_Task prompt:_ With the line containing "Gürteltasche mit buntem Pferdemotiv, Weiß" as the start and the line containing "Table à manger ronde" as the end, transcribe that span of the entries below exactly, including both.

------ The input

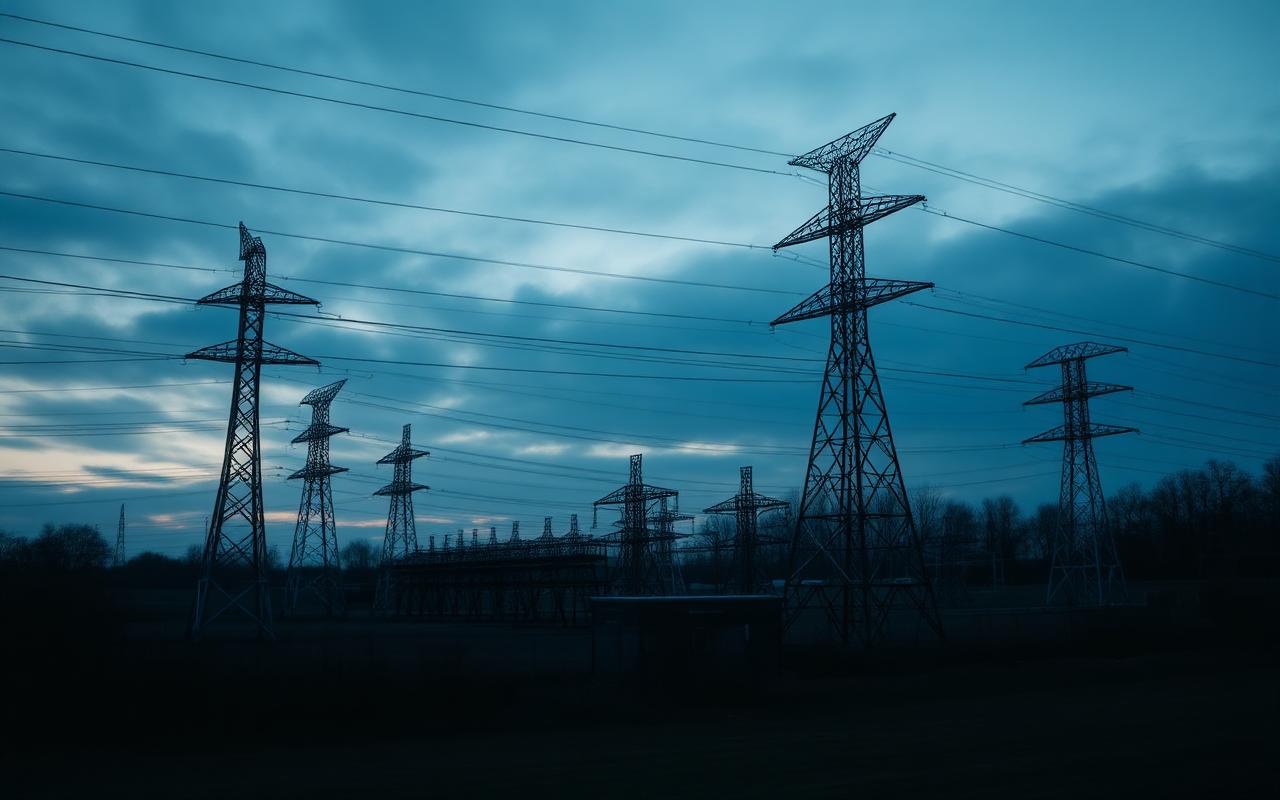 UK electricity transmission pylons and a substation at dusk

------------
------ The input

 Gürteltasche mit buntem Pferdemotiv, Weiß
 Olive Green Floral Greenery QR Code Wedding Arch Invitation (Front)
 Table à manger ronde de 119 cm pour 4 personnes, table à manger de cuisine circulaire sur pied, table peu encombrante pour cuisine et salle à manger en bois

------------

_Solution to the exercise:_
 Gürteltasche mit buntem Pferdemotiv, Weiß
 Olive Green Floral Greenery QR Code Wedding Arch Invitation (Front)
 Table à manger ronde de 119 cm pour 4 personnes, table à manger de cuisine circulaire sur pied, table peu encombrante pour cuisine et salle à manger en bois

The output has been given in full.